Teresa Shume’s suggestion for improving No Child Left Behind law was so simple yet so far removed from current policy it drew a laugh from the crowd:
“Part of the solution,” she said, “might be less testing.”
The Minnesota State University-Moorhead faculty member was one of about 20 educators and parents who attended a public meeting Thursday to weigh in on potential changes to the federal education law. The event was held by aides for U.S. Sen. Al Franken, who is gathering input around the state in advance of debate on the law early next year.
Dan Solomon, an education policy aide for the senator, said some of the law’s most criticized provisions like its Adequate Yearly Progress measures – and accompanying harsh penalties for schools that fall short – have been tossed out in a bipartisan Senate rewrite of the bill backed by Franken.

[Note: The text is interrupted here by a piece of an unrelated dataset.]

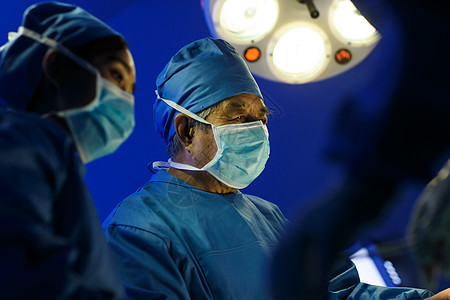 医疗治病卫生医务工作者在手术室高清图片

The new bill would let states measure student achievement by growth instead of by how many students clear fixed standards – a change lauded at Thursday’s meeting.

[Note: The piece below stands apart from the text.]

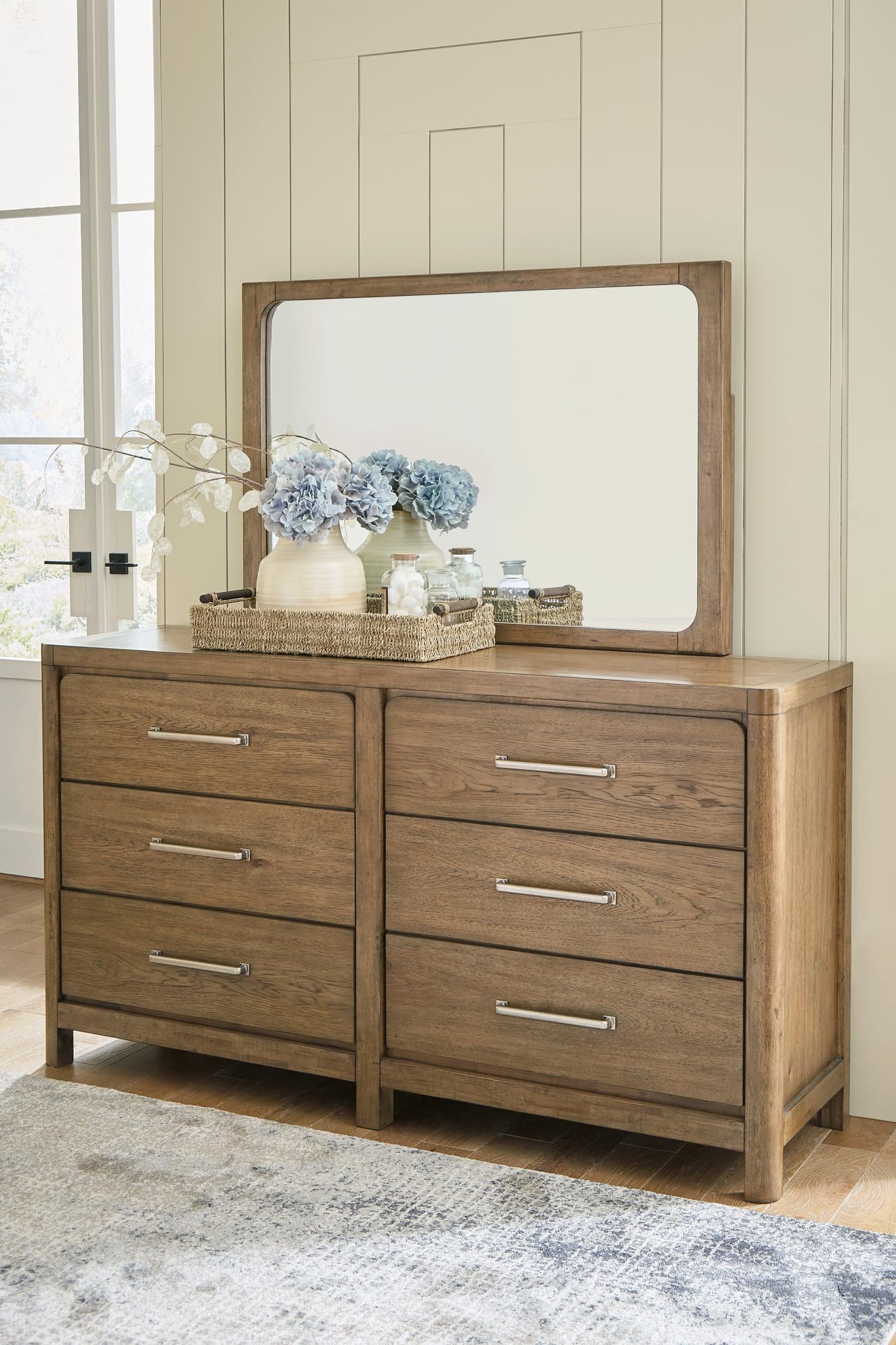 Cabalynn Light Brown Dresser And Mirror - Image 1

“Set the bar too high and no one can jump over it,” said Steve Lindaas, a parent in the district. “Make the bar at an angle and say, see how high you can jump.”
Lindaas also lamented the current law’s focus on getting struggling students to catch up without paying much attention to high achievers. Instead, he said, the law should push all students to maximize their potential and have the funding to back it up.